Work required
From the records below, output exactly the lines running from the line containing "Une chambre moderne" through the line containing "Unscharfe Bewegung einer", and no others.
======== Data under study
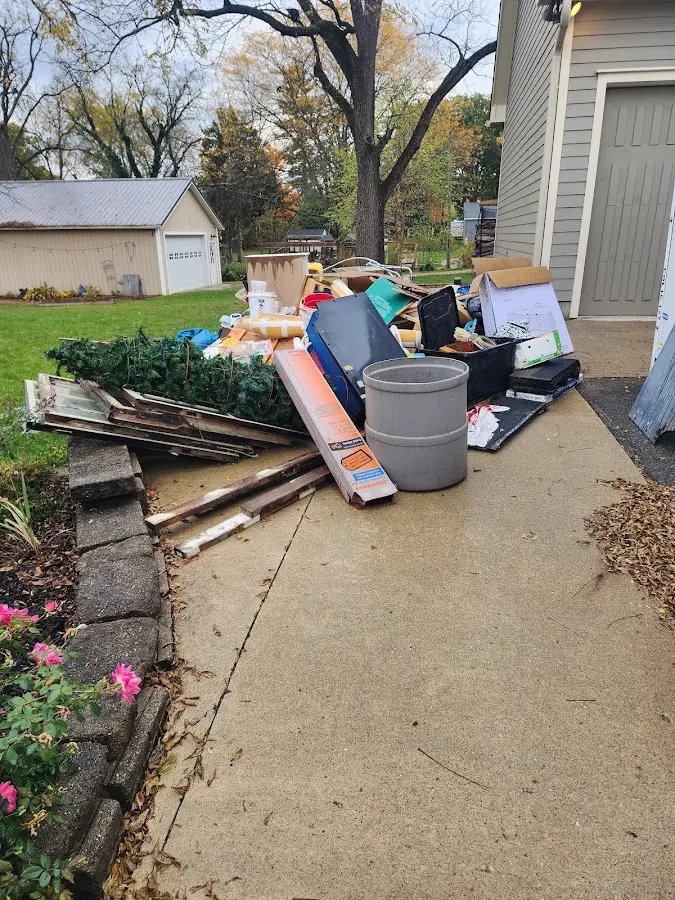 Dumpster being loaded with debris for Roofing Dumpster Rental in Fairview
================
======== Data under study
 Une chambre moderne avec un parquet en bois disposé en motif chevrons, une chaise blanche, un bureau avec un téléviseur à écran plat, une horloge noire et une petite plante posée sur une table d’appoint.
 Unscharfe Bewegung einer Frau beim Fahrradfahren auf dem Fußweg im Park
================
Answer section
 Une chambre moderne avec un parquet en bois disposé en motif chevrons, une chaise blanche, un bureau avec un téléviseur à écran plat, une horloge noire et une petite plante posée sur une table d’appoint.
 Unscharfe Bewegung einer Frau beim Fahrradfahren auf dem Fußweg im Park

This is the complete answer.